Pelosi, whose discussion with the club was meant to commemorate her 25th anniversary in Congress, said the law is among her proudest legislative accomplishments. More than 80 million Americans -- young people allowed to remain on their parents' policies, children with pre-existing conditions, people availing themselves of preventive care -- already have benefited from its provisions, she said.
She said she finds it ironic that some Republican lawmakers just a few years ago were engaging in "court-stripping," writing sections into bills in an attempt to make them impervious to courts. But once the Affordable Care Act was signed into law, she said, "all of a sudden we have these newfound advocates for judicial review."

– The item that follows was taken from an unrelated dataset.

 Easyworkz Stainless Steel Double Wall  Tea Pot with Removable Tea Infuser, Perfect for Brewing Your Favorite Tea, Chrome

Pelosi called Obama's newfound support of same-sex marriage "all great ... so beautifully spoken, so heartfelt, so personal."
"He made a values judgment," she said, noting that it would've been a more overtly political move to remain silent.
Pelosi, a San Francisco resident, is the first woman to have served as Speaker of the House, from 2007 to 2011. Before that, her four years as minority leader had made her the first woman, the first Californian and first Italian-American to lead a major party in Congress.
Asked about the deep partisan divides that have stymied significant progress on many issues, Pelosi replied, "It doesn't have to be this way, and it hasn't always been." Under President George H.W. Bush and even under President George W. Bush, she said, Democrats and Republicans still were able to find some common ground on certain key issues.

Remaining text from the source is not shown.